PyTorch Transformer model Mobilebert-uncased for Natural Language Classification and Question Answering
This document describes evaluation of optimized checkpoints for transformer models Mobilebert-uncased for NL Classification and Question Answering tasks.
Please install and setup AIMET (Torch GPU variant) before proceeding further.
NOTE
- All AIMET releases are available here: https://github.com/quic/aimet/releases
- This model has been tested using AIMET version 1.27.0 (i.e. set
release_tag="1.27.0"
in the above instructions). - This model is compatible with the PyTorch GPU variant of AIMET (i.e. set
AIMET_VARIANT="torch_gpu"
in the above instructions).
pip install datasets==2.4.0
pip install transformers==4.11.3
export PYTHONPATH=$PYTHONPATH:<path to parent of aimet_model_zoo_path>
- Original full precision checkpoints without downstream training were downloaded through hugging face
- [Full precision model with downstream training weight files] are automatically downloaded using evaluation script
- [Quantization optimized model weight files] are automatically downloaded using evaluation script
- For NLP tasks, we use the General Language Understanding Evaluation (GLUE) benchmark dataset for evaluation.
- For Question Answering tasks, we use the Stanford Question Answering Dataset (SQuAD) benchmark dataset for evaluation.

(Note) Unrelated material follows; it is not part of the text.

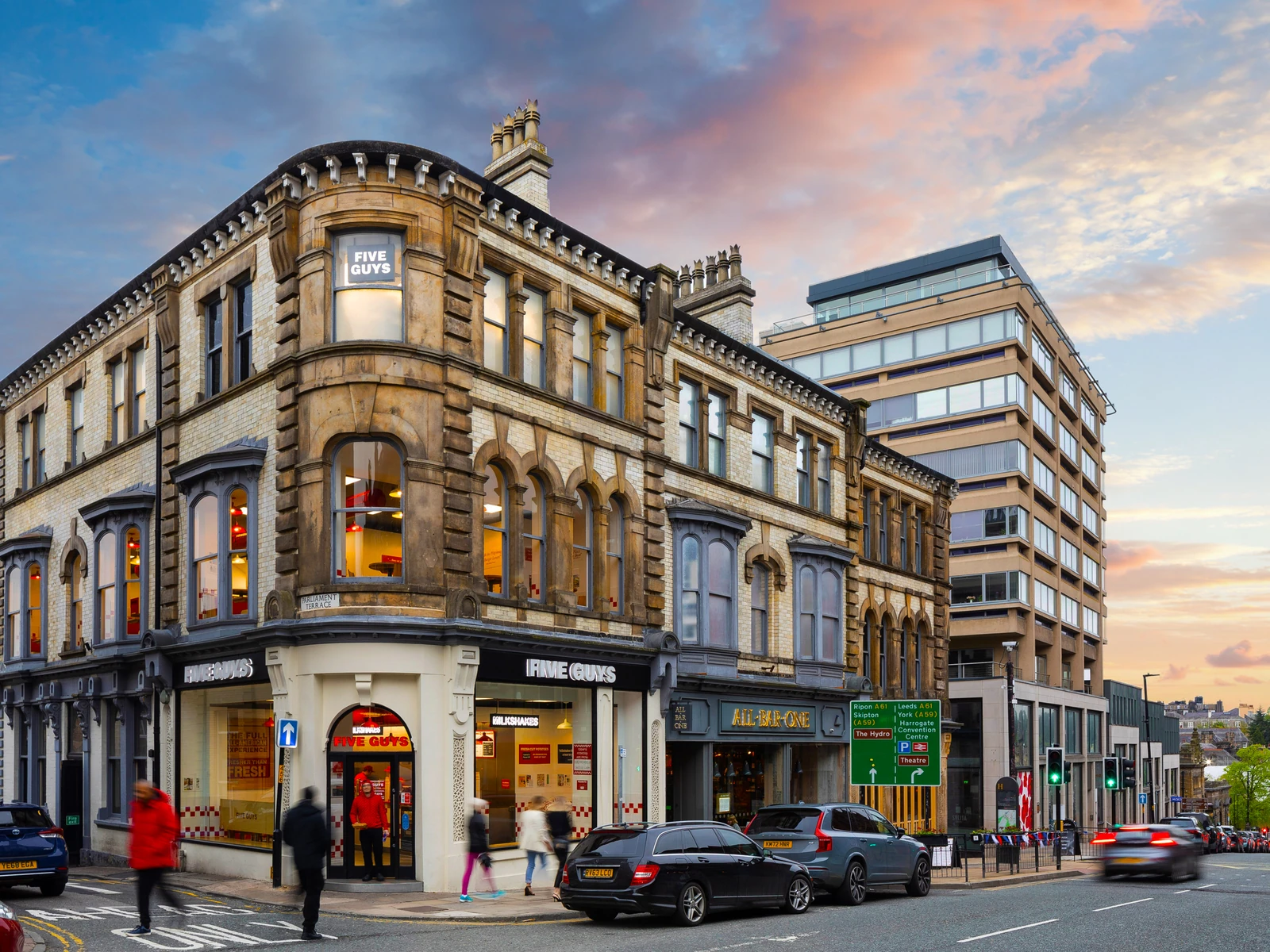 photo 2 Commerces à Harrogate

- Dataset downloading is handled by evaluation script
python mobilebert_quanteval.py \
--model_config <MODEL_CONFIGURATION> \
--per_device_eval_batch_size 4 \
--output_dir <OUT_DIR> \
-
example
python mobilebert_quanteval.py --model_config mobilebert_w8a8_rte --per_device_eval_batch_size 4 --output_dir ./evaluation_result
-
supported values of model_config are "mobilebert_w8a8_rte","mobilebert_w8a8_stsb","mobilebert_w8a8_mrpc","mobilebert_w8a8_cola","mobilebert_w8a8_sst2","mobilebert_w8a8_qnli","mobilebert_w8a8_qqp","mobilebert_w8a8_mnli", "mobilebert_w8a8_squad", "mobilebert_w4a8_rte","mobilebert_w4a8_stsb","mobilebert_w4a8_mrpc","mobilebert_w4a8_cola","mobilebert_w4a8_sst2","mobilebert_w4a8_qnli","mobilebert_w4a8_qqp","mobilebert_w4a8_mnli", "mobilebert_w4a8_squad"

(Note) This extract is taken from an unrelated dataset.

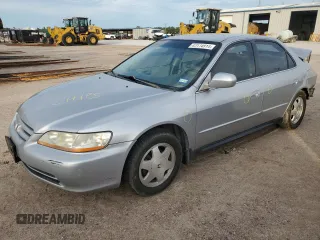 2002 Honda Accord LX z VIN JHMCG55432C034824, wystawiony jako Copart lot #83174914 z przebiegiem 193 883 mil mil oraz Szkoda całkowita • Salvage title. Historia ofert i sprzedaży dostępna na DreamBid. Obrazek 1.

The following configuration has been used for the above models for IN4/INT8 quantization:
- Weight quantization: 4/8 bits, symmetric quantization
- Bias parameters are not quantized
- Activation quantization: 8 bits, asymmetric quantization
- Model inputs are quantized
- Different quantization scheme for different weight bithwidth and downstreaming tasks
- Mask values of -6 was applied in attention layers
- Quantization aware training (QAT) was used to obtain optimized quantized weights, detailed hyperparameters listed in Yelysei Bondarenko, Markus Nagel, Tijmen Blankevoort, "Understanding and Overcoming the Challenges of Efficient Transformer Quantization", EMNLP 2021.
QAT Configuration | CoLA | SST-2 | MRPC | STS-B | QQP | MNLI | QNLI | RTE |
W8A8 | per-tensor, tf | per-channel, tf | per-channel, tf | per-channel, tf | per-channel, tf | per-tensor, tf_enhanced | per-tensor, tf_enhanced | per-channel, tf |
W4A8 | per-tensor, tf_enhanced | per-channel, tf_enhanced | per-channel, tf_enhanced | per-channel, tf_enhanced | per-tensor, tf_enhanced | per-tensor, tf_enhanced | per-tensor, tf_enhanced | per-channel, tf_enhanced |
QAT Configuration | |
W8A8 | per-channel, tf |
W4A8 | per-channel, range_learning_with_tf_enhanced_init |
Below are the results of the Pytorch transformer model MobileBert for GLUE dataset:
CoLA (corr) | SST-2 (acc) | MRPC (f1) | STS-B (corr) | QQP (acc) | MNLI (acc) | QNLI (acc) | RTE (acc) | GLUE | |
FP32 | 51.48 | 91.60 | 85.86 | 88.22 | 90.66 | 83.54 | 91.18 | 68.60 | 81.27 |
W8A8 | 52.51 | 91.63 | 90.81 | 88.19 | 90.80 | 83.46 | 91.12 | 68.95 | 82.18 |
W4A8 | 50.34 | 91.28 | 87.61 | 87.30 | 90.48 | 82.90 | 89.42 | 68.23 | 80.95 |
EM | F1 | |
FP32 | 82.75 | 90.11 |
W8A8 | 81.96 | 89.41 |
W4A8 | 81.88 | 89.33 |